Elucidating the physiological adaptation of loss of retinoblastoma protein in conjunction with hypoxia in neuroblastoma cells.

Neuroblastoma is a malignancy of multipotent embryonic neural crest cells and is the most common cancer in infancy. Since neuroblastoma tumours originate from immature sympathetic cells called neuroblasts, the effect of hypoxia on these cells is of great significance. Low oxygen pressure (hypoxia) is a physiological condition that facilitates increased malignancy and tumour progression in several solid cancers. Hypoxia Inducible factors (HIF)-1 and HIF-2 and their dimerization partner TRIP230 are the principle transcriptional regulators of the hypoxic response.
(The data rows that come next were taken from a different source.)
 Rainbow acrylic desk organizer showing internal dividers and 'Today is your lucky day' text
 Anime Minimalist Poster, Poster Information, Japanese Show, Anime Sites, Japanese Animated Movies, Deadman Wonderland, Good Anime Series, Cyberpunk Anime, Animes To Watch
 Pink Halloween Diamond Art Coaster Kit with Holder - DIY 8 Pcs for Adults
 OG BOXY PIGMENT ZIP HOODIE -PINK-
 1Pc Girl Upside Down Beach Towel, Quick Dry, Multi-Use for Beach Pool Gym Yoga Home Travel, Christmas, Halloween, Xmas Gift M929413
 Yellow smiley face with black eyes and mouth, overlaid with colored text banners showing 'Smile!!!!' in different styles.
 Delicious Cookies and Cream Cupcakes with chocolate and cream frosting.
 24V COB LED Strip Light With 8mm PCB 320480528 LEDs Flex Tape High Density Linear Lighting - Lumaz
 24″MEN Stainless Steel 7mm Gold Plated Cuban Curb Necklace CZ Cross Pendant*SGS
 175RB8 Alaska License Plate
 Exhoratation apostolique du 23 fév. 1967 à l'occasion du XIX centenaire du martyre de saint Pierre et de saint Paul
Our group has previously shown that the tumour suppressor retinoblastoma protein (Rb) acts as a transcriptional repressor of hypoxia by its ability to associate with HIF-1. The role of loss of Rb in facilitating the hypoxia related-genetic programs has yet to be studied in neuroblastoma. We used CRISPR-Cas9 technologies to genetically knock-out Rb expression in two non MYCN amplified neuroblastoma cell lines, SH-SY5Y and SK-N-AS. We used a microarray platform to compare the steady-state expression levels of mRNA from these two cell lines to determine aberrant expression of hypoxia related genetic programs that increase cell motility and invasion and promote metastasis. Using migration assays, qRT-PCR and Western blot analysis we have identified multiple genes whose expression is significantly upregulated with the loss of Rb in conjunction with hypoxia. The identification and characterization of these genes could provide the basis for developing novel therapies and new diagnostic markers for treatment for children with non-MYCN amplified neuroblastoma.